Symptomatic of this lack of innovation, in a sense, was the contrast between the official "Online Conference Community", and the twitter feed. When I asked if anybody on twitter had used the official forum, @fak3r replied tellingly: @rdmpage thought we were on it ;) #ebio09. As fun as it is to use the new hotness to conduct a parallel (and slightly subversive) discussion at a conference it's worrying that, in a field that calls itself "informatics" the big beasts probably had little idea what was going on. If we are going to exploit the tools the web provides, we need people who "get it", and I'm unconvinced that the big players in this area truly grasp the web (in all it's forms). There's also a worrying degree of physics envy, which might be cured by reading The Unreasonable Effectiveness of Data (doi:10.1109/mis.2009.36).

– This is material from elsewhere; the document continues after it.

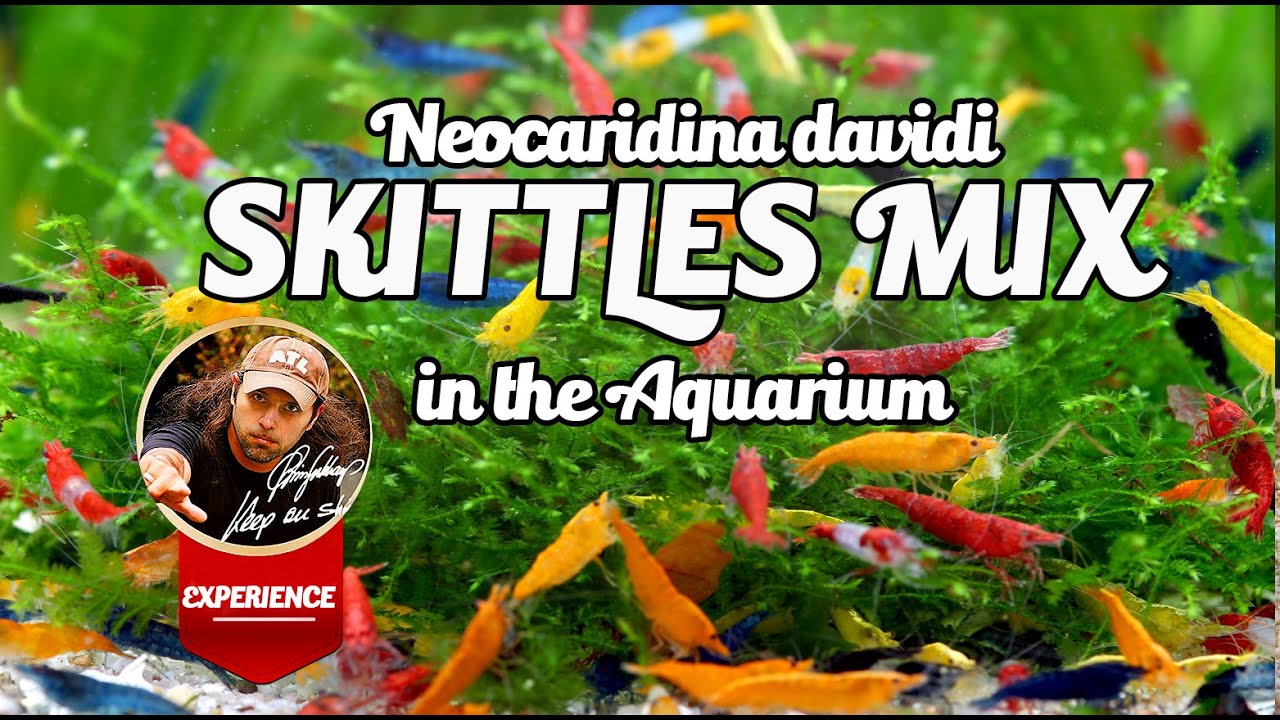 Skittle Shrimp Mix Tank / Rainbowshrimptank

I tried to stir things up a little (almost literally as captured in this photo by Chris Freeland), with a couple of questions, but to not much effect (other than apparently driving to despair the poor chap behind me ).

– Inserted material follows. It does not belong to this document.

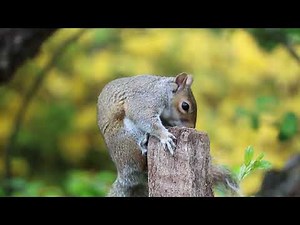 Western Grey Squirrel in the wild
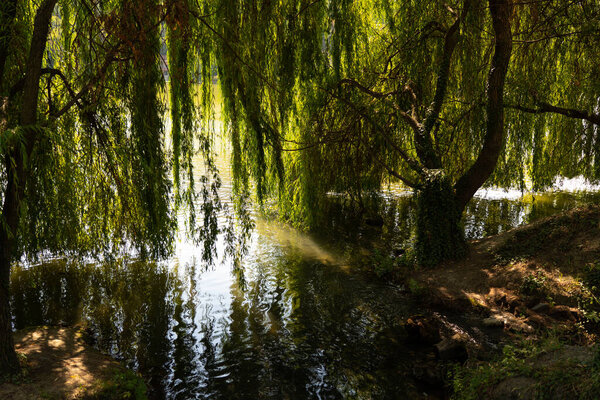 Cafe by the river beautiful view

But enough grumbling. It was great to see lots of people attending the event, the were lots of interesting posters and booths (creating a market for this field may go some way towards providing an incentive to provide better, more reliable services), and my challenge entry won joint first prize, so perhaps I should sit back, enjoy the wine Joel Sachs choose as the prize (many thanks for his efforts in putting the challenge event together), and let others say what they thought of the meeting.